Mn掺杂6H-SiC的第一性原理研究

本文通过密度泛函理论第一性原理平面波超软赝势计算方法计算了Mn掺杂6H-SiC的电子结构与光学性质。计算结果显示掺杂Mn后的6H-SiC为间接带隙p型半导体，且带隙较本征体有所降低，带隙由2.022 eV降为0.602 eV，电子从价带跃迁所需能量减少。掺杂后的Mn的3d能级在能带结构中以杂质能级出现，提高了载流子浓度，导电性增强。光学性质研究中，掺杂Mn后的介电函数虚部在低能处增加，电子激发态数量增多，跃迁概率增大。掺杂后的光吸收谱能量初值也较未掺杂的3.1 eV扩展到0 eV,反射谱发生红移。由于禁带宽度的降低使得光电导率起始范围得到扩展。

First-principles study of Mn-doped 6H-SiC

IIn this paper, the electronic structure and optical properties of manganese-doped 6H-SiC are calculated by the first-principles plane density wave theory in density functional theory.
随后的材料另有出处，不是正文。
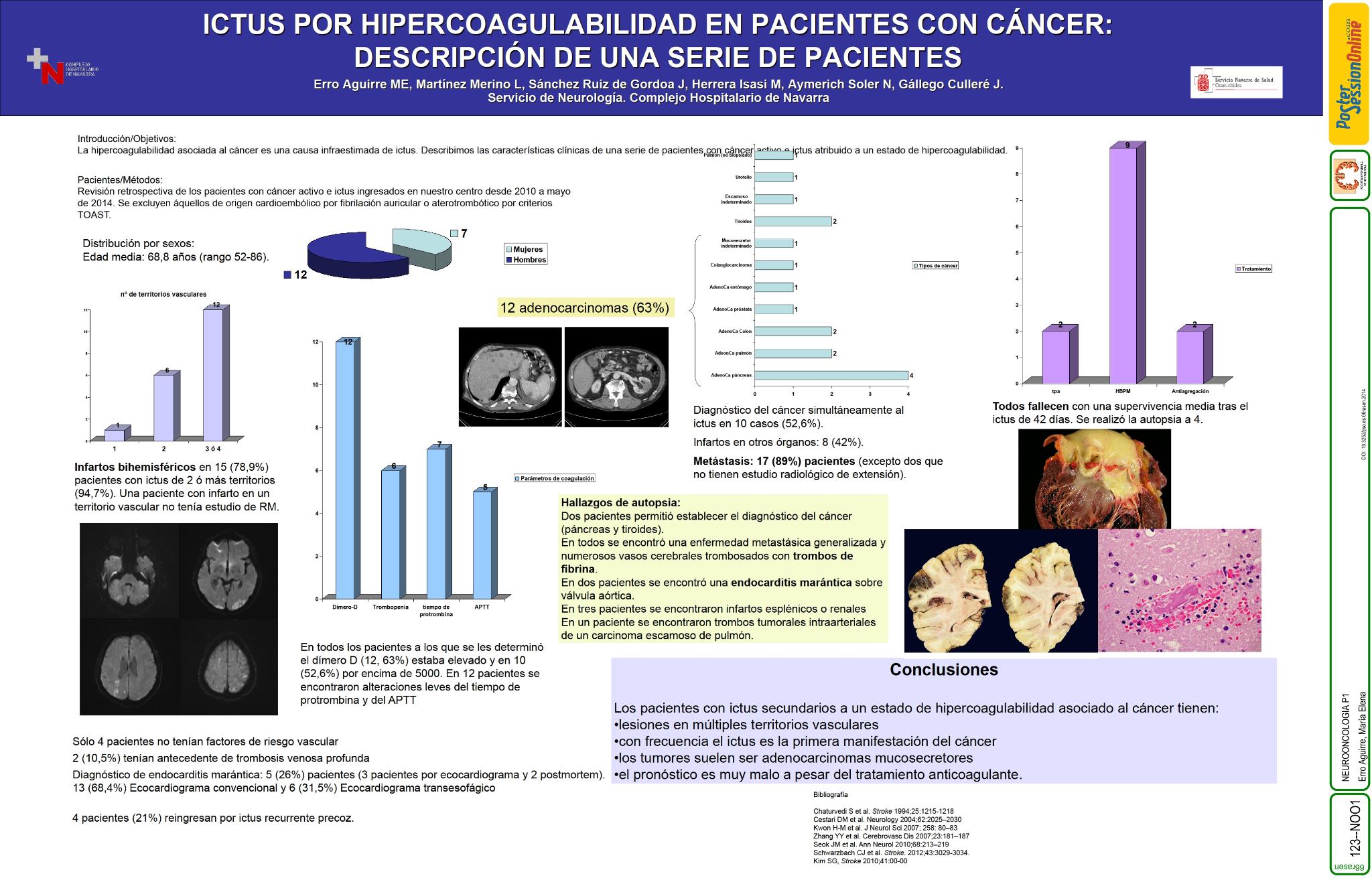 Ictus por hipercoagulabilidad en pacientes con cáncer: descripción de una serie de pacientes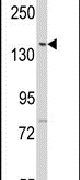 LMTK2 Antibody in Western Blot (WB)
The calculation results show that after doping manganese 6H-SiC becomes an indirect band gap p-type semiconductor, and the band gap is lower than that of the intrinsic body. The band gap is reduced from 2.022 eV to 0.602 eV, and the energy required for electrons transition from the valence band is reduced. The doped Mn 3d energy levels appear as impurity levels in the energy band structure, so after doping Mn, the imaginary part of the dielectric function at low energy increases, the number of electronic excited states increases, and the transition probability is maximized. For the light absorption after doping, the initial value of the spectral energy is also extended to 0 eV from the undoped 3.1 eV, and the reflection spectrum is red-shifted. As the width of the forbidden band is reduced, the range of photoconductivity is expanded.